Today, one may easily find criticism of Schoenberg, Boulez, Ligeti, or other prominent figures at the forefront of the classical music of the previous century. And this criticism is wonderful; it speaks with a wit and loftiness of purpose that has seldom been seen since the 19th century. When people today speak of reclaiming tonality, of defending melody from those who seek so desperately to hide their spiritual and creative poverty. And this criticism is wonderful; it speaks with the fire necessary to bring classical music back to where it was, before these veritable demons appeared on the horizon.

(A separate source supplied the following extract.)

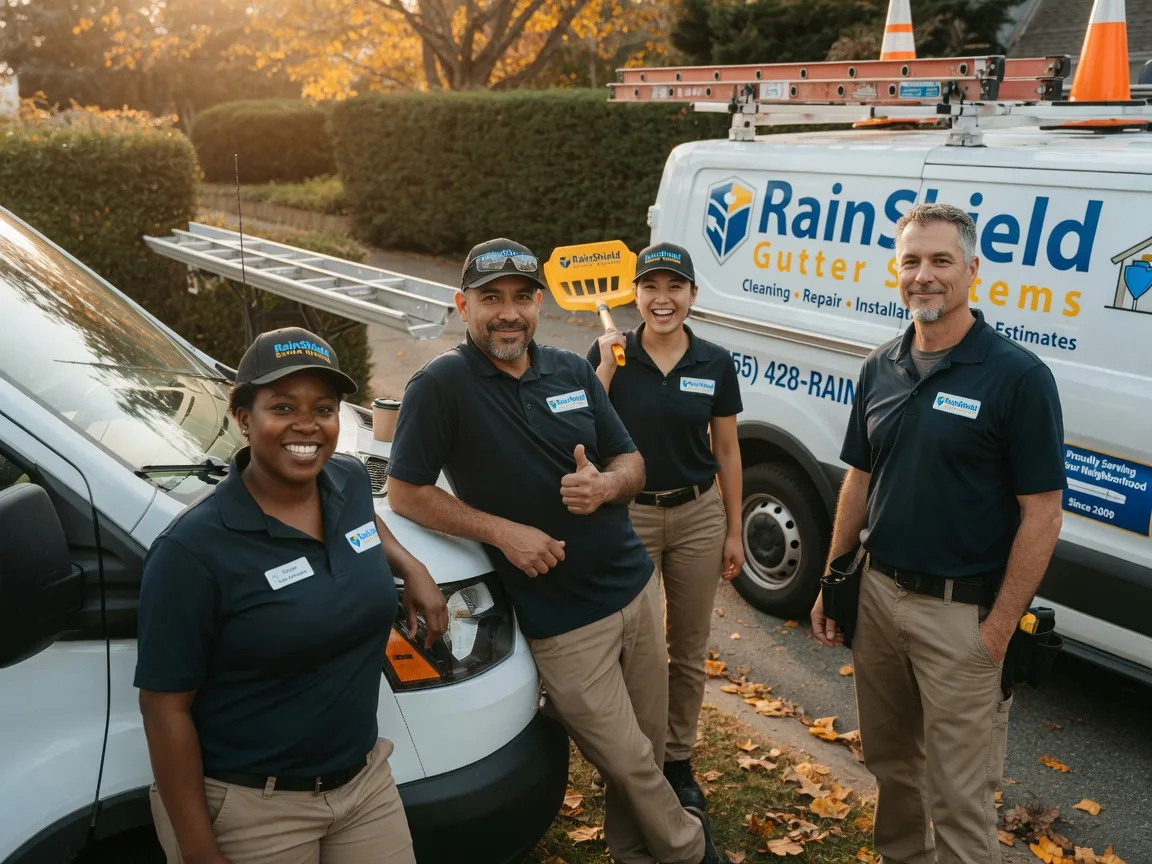 Gutter Installation company in Collison, IL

I propose that we bring the criticism of Wagner, which has in the interim fallen by the wayside, poor, emaciated, and sycophantic (aside from bland repeated criticisms of his anti-Semitism), to the same level as that commonly found for these figures, for this criticism is wonderful, and its lessons should be applied to the whole world of music and the arts. To that end, I submit the following critique of Parsifal, by which I hope, with some immodesty, to set a precedent that may be followed by all future Wagner scholars.

--

Parsifal: Opera or Scam?

Clearly, Wagner drew upon the meaninglessness felt by certain of the post-WWI generation in this work. The prelude lacks any kind of tune to which the ear may accustom itself. Those lines which may be remembered are feeble gestures, slowly aching endlessly repeated bits of nonsense from an orchestra that cannot sing any longer, but squeaks and groans. Tonal closure of any kind is rare, and the ear cannot bear for very long such a succession of dissonances without protest.

There are no characters as such. The personages on the stage change from moment to moment; recurring actors even change their names to match the scenes, which are incoherently juxtaposed without continuity or sense. As there are no characters, there is no plot, and thus nothing for the unfortunate viewer to follow amidst the endless screeching and bellowing of the singers, to whom nothing resembling a melody has been provided.

Wagner here introduces his masterstroke. As there is no melody, no harmony, no character, and no plot for the viewer to enjoy or be moved by, he decides that this boring sequence of nothingnesses should be drawn out to such a length as has rarely been seen (no doubt influenced by certain statements from John Cage, whose music sounds next to identical and is actually random rather than merely perceptually so). There will be no future for this work, which aesthetically right-minded audiences everywhere have rejected and which no one is or will ever be interested in performing.

Blog Index​


----------



## DiesIraeCX (Jul 21, 2014)

A fair and balanced article, no doubt, Mahlerian. One complaint, though, you should have brought up the countless peer-reviewed studies that demonstrate that Wagner "operas" induce physical pain and crying in babies, noticeable discomfort and howling in canines, and catnip-like hysteria in felines. 

Other than that oversight, good job!


----------